SUPPLIED MATERIAL:
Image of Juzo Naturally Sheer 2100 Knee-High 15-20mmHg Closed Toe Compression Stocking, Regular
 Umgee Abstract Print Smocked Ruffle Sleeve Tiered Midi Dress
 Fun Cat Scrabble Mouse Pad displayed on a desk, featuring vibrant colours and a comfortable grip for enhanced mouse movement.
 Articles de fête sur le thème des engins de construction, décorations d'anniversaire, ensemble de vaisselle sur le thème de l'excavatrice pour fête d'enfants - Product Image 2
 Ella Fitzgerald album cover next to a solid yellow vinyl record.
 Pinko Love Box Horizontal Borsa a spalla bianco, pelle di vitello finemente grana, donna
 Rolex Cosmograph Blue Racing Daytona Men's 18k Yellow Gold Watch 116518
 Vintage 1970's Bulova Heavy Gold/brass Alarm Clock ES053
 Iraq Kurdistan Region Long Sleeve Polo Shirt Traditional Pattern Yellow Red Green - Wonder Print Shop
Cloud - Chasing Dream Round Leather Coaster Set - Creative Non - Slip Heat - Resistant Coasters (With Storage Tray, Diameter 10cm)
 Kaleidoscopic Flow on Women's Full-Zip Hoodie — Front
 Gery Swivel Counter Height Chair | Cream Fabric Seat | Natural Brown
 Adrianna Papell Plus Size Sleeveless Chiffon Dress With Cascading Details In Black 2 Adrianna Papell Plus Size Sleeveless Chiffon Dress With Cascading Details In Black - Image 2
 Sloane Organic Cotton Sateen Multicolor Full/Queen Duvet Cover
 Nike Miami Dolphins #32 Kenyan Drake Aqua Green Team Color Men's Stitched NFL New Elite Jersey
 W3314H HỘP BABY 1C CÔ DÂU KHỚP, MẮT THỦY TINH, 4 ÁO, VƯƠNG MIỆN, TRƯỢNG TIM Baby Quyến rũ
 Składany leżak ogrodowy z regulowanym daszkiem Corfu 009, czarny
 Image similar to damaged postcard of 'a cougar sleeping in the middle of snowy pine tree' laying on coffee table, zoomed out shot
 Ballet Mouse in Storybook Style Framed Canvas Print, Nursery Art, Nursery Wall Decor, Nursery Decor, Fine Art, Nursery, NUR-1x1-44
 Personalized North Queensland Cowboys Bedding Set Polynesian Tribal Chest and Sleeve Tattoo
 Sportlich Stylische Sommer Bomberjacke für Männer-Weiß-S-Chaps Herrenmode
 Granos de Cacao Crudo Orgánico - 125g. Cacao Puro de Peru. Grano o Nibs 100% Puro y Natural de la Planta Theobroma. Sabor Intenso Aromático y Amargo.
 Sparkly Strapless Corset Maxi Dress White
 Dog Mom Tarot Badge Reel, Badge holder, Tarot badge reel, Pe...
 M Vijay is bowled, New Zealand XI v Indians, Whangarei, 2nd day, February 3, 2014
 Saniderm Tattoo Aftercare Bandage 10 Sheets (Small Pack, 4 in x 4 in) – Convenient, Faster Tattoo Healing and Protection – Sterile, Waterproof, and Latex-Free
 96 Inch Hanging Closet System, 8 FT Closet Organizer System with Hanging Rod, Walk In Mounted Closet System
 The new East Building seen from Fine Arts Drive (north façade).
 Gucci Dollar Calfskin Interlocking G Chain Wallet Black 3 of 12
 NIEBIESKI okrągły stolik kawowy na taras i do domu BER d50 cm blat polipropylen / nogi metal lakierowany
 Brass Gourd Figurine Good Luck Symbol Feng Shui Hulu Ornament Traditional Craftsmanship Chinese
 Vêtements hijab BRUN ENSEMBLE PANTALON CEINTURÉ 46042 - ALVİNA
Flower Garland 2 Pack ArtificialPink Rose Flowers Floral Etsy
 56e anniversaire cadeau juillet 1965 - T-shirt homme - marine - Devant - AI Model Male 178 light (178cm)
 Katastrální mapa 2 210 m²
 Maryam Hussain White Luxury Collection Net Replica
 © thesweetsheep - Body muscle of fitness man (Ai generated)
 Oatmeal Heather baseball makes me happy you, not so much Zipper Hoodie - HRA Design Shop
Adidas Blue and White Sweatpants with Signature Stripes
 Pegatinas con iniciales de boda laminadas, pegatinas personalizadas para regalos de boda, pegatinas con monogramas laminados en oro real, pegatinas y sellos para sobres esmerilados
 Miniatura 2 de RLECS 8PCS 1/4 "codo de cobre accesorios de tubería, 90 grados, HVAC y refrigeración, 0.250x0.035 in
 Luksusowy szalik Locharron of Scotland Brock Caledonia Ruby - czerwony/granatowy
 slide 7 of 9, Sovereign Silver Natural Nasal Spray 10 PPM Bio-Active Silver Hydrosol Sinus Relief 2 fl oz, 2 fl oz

ASSIGNED TASK: Return exactly, and only, the line containing "man (Ai generated)" and every line after it through the end of the material.

RESULT OF THIS TASK:
 © thesweetsheep - Body muscle of fitness man (Ai generated)
 Oatmeal Heather baseball makes me happy you, not so much Zipper Hoodie - HRA Design Shop
Adidas Blue and White Sweatpants with Signature Stripes
 Pegatinas con iniciales de boda laminadas, pegatinas personalizadas para regalos de boda, pegatinas con monogramas laminados en oro real, pegatinas y sellos para sobres esmerilados
 Miniatura 2 de RLECS 8PCS 1/4 "codo de cobre accesorios de tubería, 90 grados, HVAC y refrigeración, 0.250x0.035 in
 Luksusowy szalik Locharron of Scotland Brock Caledonia Ruby - czerwony/granatowy
 slide 7 of 9, Sovereign Silver Natural Nasal Spray 10 PPM Bio-Active Silver Hydrosol Sinus Relief 2 fl oz, 2 fl oz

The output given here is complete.